Francie had started a diary in December, on her thirteenth birthday. Now, nearly a year later, she is reading it. The diary entries take up most of the chapter. Most of them tell that Papa is "sick" again—Katie's way of saying that he is drunk. Other entries mention the "North Pole" game, which the author has explained in earlier chapters. The Nolans play this game when they do not have enough food, pretending they are explorers in the Arctic, waiting for rescue to arrive. Also, the diary tells that Flossie Gaddis and Frank are going to be married, and that Francie is curious about sex.

Chapter 33

People in Francie's neighborhood do not know how to tell their children about sex, mostly because they do not know the correct words. Katie, on the other hand, was determined to answer Francie's questions as best she could. The neighborhood parents did not shy away from telling their children about sexual violence when they heard that a prowler had killed a seven-year-old girl. McShane investigates the case, and arrests the girl's brother, hoping to deceive the real killer into thinking he was safe to commit another crime. This time, McShane would be waiting for him.

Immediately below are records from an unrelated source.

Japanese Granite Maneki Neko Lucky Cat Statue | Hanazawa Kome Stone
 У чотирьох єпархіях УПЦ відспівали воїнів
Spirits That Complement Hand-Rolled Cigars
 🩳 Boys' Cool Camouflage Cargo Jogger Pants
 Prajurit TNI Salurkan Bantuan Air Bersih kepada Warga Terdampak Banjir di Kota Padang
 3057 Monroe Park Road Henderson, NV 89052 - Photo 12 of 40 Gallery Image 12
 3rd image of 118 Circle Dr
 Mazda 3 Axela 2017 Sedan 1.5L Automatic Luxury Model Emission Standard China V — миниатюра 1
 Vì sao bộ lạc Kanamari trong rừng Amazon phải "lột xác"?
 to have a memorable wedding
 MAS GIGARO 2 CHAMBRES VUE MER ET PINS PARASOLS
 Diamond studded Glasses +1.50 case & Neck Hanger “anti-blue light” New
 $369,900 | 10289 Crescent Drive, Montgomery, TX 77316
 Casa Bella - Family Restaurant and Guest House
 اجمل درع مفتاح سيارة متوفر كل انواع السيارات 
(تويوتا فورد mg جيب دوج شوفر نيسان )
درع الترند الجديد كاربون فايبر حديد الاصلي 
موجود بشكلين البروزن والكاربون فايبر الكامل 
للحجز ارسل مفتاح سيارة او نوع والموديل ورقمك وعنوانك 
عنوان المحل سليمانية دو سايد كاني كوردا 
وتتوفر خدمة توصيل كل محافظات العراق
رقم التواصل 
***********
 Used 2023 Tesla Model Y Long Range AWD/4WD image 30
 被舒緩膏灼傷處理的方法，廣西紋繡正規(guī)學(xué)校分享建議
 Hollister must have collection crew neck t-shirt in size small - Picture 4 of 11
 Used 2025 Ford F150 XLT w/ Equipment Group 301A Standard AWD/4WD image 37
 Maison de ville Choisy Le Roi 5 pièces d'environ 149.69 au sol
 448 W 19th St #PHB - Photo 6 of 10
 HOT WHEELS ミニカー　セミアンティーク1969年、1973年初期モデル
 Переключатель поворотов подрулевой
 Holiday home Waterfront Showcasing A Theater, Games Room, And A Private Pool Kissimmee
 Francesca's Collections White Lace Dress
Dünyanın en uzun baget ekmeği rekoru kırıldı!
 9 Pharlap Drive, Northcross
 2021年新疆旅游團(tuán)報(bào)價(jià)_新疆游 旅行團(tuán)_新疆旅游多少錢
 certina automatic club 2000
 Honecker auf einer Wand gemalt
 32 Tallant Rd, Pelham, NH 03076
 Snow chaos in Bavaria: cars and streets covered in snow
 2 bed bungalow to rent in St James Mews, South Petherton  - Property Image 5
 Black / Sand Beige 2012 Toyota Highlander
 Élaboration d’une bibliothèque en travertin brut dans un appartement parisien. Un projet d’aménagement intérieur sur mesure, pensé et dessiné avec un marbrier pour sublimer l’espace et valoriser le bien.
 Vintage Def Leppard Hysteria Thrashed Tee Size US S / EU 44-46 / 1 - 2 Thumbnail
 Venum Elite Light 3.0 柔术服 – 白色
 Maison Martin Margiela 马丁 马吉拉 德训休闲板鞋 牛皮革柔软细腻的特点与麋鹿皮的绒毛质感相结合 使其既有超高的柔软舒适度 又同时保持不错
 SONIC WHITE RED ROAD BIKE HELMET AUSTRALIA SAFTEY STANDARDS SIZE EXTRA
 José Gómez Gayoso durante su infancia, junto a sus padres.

Worried the rapist could attack Francie, Johnny borrows his friend Burt's gun. Burt is a night watchman, and sometimes Johnny covers his shift for him so that Burt may run home to make sure his wife is not cheating on him. After a while, most of the neighborhood feels more secure, but Katie still keeps her guard up. One day, she comes home from the house she is cleaning to make sure that Francie is home from school on time. When Francie opens the door at the bottom of the apartment building, she is attacked. Katie comes down the stairs, sees her, and goes back to get the gun. The prowler's penis touches Francie's leg, but that is all he can do before Katie shoots him in the stomach. Katie drags Francie up the stairs, and throws the gun in the wash basin. The police come by, and find out that Johnny's gun is unregistered; he will be charged five dollars. They also say that Katie did not kill the boy, but suggest he will be executed. A careless news reporter gets the details of the story wrong, and Katie is protected from public criticism. Sergeant McShane tries to give Katie money for her good deed, but she refuses it. He thinks that he would like to marry Katie one day.